Nicola Streeten's unflinching, tragi-comic confession is a Highway Code for the bereaved and their circle.
Words and pictures probe the open wound caused by the death of her two-year-old child. With a swift-flowing narrative, lively dialogue and vigorous, expressive drawings, Nicola has created, out of her own story, a universal manual dealing with the big, painful questions around death. Why do we grieve so long? Is there a league table of grief, with bereavement being allowed to outrank divorce or redundancy? Is the death of a child, which screams against nature, worse than any other death?
And what do you say to a bereaved person without sounding crass? Nicola likes: `I'm so sorry. If there's anything I can do, just say.' And doesn't like: `I can imagine what you're going through.'
After Billy's funeral, a neighbour knocks on the front door: `I'm so sorry I wasn't at Billy's funeral. I took the day off and everything but I didn't hear from you and I wasn't sure if it was OK for me to come.' Nicola looks out us and asks: `Why is funeral etiquette so unclear to us when death is as common as birthdays and marriage?'
Nicola has lost not only a child but an identity: `I'm not a mother. But I'm not NOT a mother. I don't have a script to follow any more.' To signify the mutation, she shaves her head.
Is the `You' of the title Nicola's partner John? Or is it you, the reader? It doesn't matter - everyone coping with their own or another's grief will recognise the emotional honesty of this ultimately consoling book, and find their own experiences reflected or their assumptions challenged.

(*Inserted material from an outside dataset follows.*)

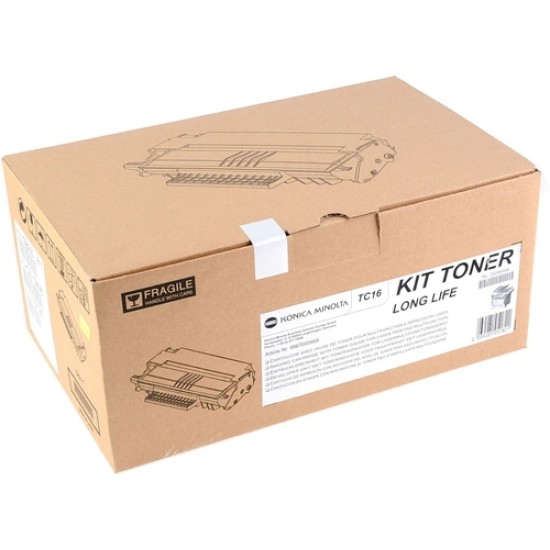 Konica Minolta TC-16 9967000465 Siyah Orjinal Toner - KM-1600f Konica Minolta TC-16 9967000465 Siyah Orjinal Toner - KM-1600f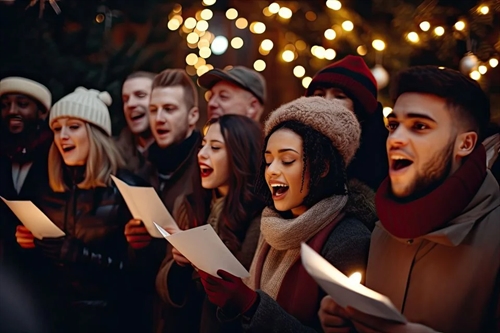 Christmas Carol Sing-A-Long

My mother died in a cold month. When the spring flowers started to appear I wanted to shove their stupid little faces back into the earth. I wish I'd had this book then.
This was an interesting and honest look into the emotions that one person felt after losing her child. I appreciated the window the author gave into her world at that time. The graphic novel format worked well. It was quite an emotional read.